> Work to be completed
Copy the first line of the material below and every later line through the line containing "Strength Fitness Framer Template", without any other output.

> Material for this exercise
----

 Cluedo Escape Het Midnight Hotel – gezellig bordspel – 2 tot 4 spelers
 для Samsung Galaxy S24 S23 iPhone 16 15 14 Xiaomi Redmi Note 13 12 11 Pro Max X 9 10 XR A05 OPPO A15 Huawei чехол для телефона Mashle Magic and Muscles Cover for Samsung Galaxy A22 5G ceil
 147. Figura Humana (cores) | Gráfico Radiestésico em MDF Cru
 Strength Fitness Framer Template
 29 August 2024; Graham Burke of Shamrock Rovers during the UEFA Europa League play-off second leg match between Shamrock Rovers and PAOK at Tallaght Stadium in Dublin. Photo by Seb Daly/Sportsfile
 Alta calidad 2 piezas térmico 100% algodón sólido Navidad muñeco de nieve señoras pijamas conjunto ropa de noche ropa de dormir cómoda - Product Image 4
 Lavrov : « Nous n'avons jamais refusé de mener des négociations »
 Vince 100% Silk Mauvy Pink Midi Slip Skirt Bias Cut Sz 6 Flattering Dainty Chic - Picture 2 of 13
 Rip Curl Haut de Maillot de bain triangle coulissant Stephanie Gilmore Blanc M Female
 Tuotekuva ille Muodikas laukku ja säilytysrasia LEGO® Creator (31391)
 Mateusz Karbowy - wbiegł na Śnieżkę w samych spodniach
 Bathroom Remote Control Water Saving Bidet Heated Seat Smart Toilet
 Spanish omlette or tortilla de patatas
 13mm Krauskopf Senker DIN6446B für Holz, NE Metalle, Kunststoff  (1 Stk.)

----

> Output below
 Cluedo Escape Het Midnight Hotel – gezellig bordspel – 2 tot 4 spelers
 для Samsung Galaxy S24 S23 iPhone 16 15 14 Xiaomi Redmi Note 13 12 11 Pro Max X 9 10 XR A05 OPPO A15 Huawei чехол для телефона Mashle Magic and Muscles Cover for Samsung Galaxy A22 5G ceil
 147. Figura Humana (cores) | Gráfico Radiestésico em MDF Cru
 Strength Fitness Framer Template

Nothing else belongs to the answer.